The restrictions will mean that people travelling eastbound on the A690 will not be able to turn right onto New Elvet Bridge after crossing Milburngate Bridge – instead being diverted up and round Gilesgate roundabout.
Those approaching Leazes Bowl roundabout from New Elvet Bridge will not be able to turn right towards Gilesgate Roundabout and will be diverted via Claypath instead.
While this stage of the work is ongoing, several bus services will be using different routes and members of the public are advised to check with their bus operator.
In order to help people travelling from the south of the city to Old Elvet, the restriction on turning right onto the street before reaching New Elvet Bridge will be lifted for the duration of this phase.
The works are the last phase before the resurfacing of the area which will complete the major works needed for the scheme.
Adrian White, head of transport and contract services, said: “We’re extremely grateful to everyone for their continued patience while we carry out these vital improvements which promise easier journeys in the future. We’ve now reached the most disruptive part of the works but, by constantly revising and adapting our approach to help the public, we’ve been able to reduce this stage by a month.”
With a world-class summer celebration of culture underway across the county, and a range of events running in and around the city, residents are being encouraged not to miss out but are asked to leave extra time for journeys and consider using the council’s park and ride service.

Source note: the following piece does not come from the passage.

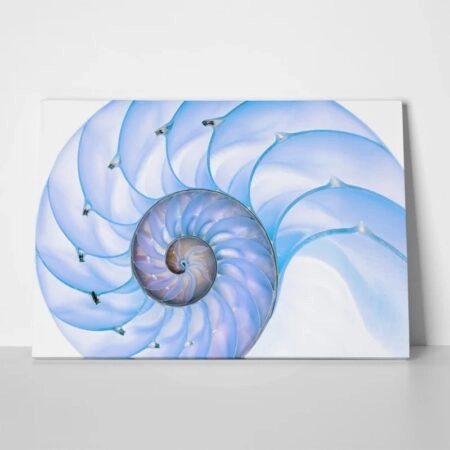Πινακας σε καμβά BLUE SHELL MACRO PHOTOGRAPH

Cllr Neil Foster, Cabinet member for economic regeneration and culture, said: “There’s an array of amazing events happening across the city this summer so please don’t be put off by the improvement works. With the Durham Remembers programme, Open Treasure at the Cathedral, a series of family activities at the newly refurbished Wharton Park and the Durham Business Improvement District putting on a range of events in the city centre, Durham is very much open for business.”
Gilesgate works have now been completed, with the exception of some short-term resurfacing work later in the year. The traffic lights are working but have been optimised to help people travelling through the ongoing improvements on Leazes Bowl roundabout meaning traffic is temporarily slower for those heading into Durham from the A690.
People can see full details at which includes links to information about bus services, traffic cameras that people can check before setting off and tips to avoid delays. Motorists are also advised to keep up to date with the latest on social media using #LeazesBowl.
Once installed, the new traffic lights will be coordinated with those in place on the Gilesgate and Milburngate roundabouts to better manage the flow of vehicles through the city. This will mean much more predictable travel through Durham City at peak times making journeys easier for motorists and helping bus operators to plan services.
It will also enable the council to more effectively deal with the impacts of incidents and planned events on the road network. The council hopes to start using the SCOOT system in 2017.